While Microsoft knows that most customers who update from Windows Vista to SP1 will NOT be affected, their approach is to improve the experience for all our customers. To do this, they will begin making SP1 available through Windows Update in mid-March, giving them time to work with some of their hardware partners to make adjustments to the installation process for the affected drivers. As SP1 gets delivered through Windows Update, they will only offer it to PCs that they detect don't have any of the affected device drivers installed. Microsoft is taking the next month or so to continue their work of identifying as many of these devices as possible.
Here's the timing for SP1 availability for current Windows Vista users:
- In mid-March, Microsoft will release Windows Vista SP1 to Windows Update (in English, French, Spanish, German and Japanese) and to the download center on microsoft.com. Customers who visit Windows Update can choose to install Service Pack 1. If Windows Update determines that the system has one of the drivers Microsoft knows to be problematic, then Windows Update will not offer SP1. Since Micorsoft knows that some customers may want to update to SP1 anyhow, the download center will allow anyone who wants to install SP1 to do so.

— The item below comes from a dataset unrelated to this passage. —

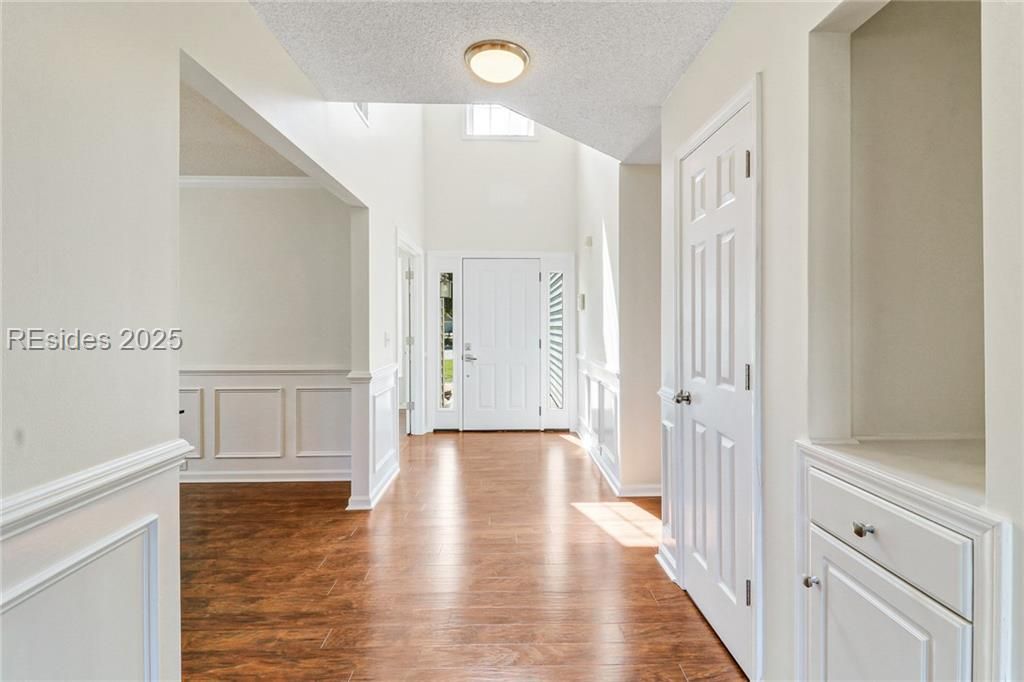 8 Lake Linden Place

- In mid-April, Microsoft will begin delivering Windows Vista SP1 to Windows Vista customers who have chosen to have updates downloaded automatically. That said, any system that Windows Update determines has a driver known to not update successfully will not get SP1 automatically. As updates for these drivers become available, they will be installed automatically by Windows Update, which will unblock these systems from getting Service Pack 1. The result is that more and more systems will automatically get SP1, but only when Microsoft is confident they will have a good experience.
- The remaining languages will RTM in April.
Microsoft will be deploying Service Pack 1 in two "waves". Wave 0, which is the one released on February 4, will only include five languages - English, French, Spanish, German and Japanese. The second wave, Wave 1, is scheduled for release 1-2 weeks later, and will cover all 36 basic languages, including Chinese.
Microsoft claims Windows Vista SP1 will provide key improvements on the security, performance and reliability of Windows Vista by providing :
* All previously released updates since RTM
* Performance and reliability improvements in core scenarios such as file copy, network browsing, and improved response time to resume from sleep.
* Support for new types of hardware, and several emerging standards.
* There are improvements to the administration experience. One of the most important changes they are making is that BitLocker now supports encrypting for multiple volumes.
Of course, Service Pack 1 will also disable two common methods of hacking Windows Vista, namely the OEM BIOS exploit and the Grace Timer exploit.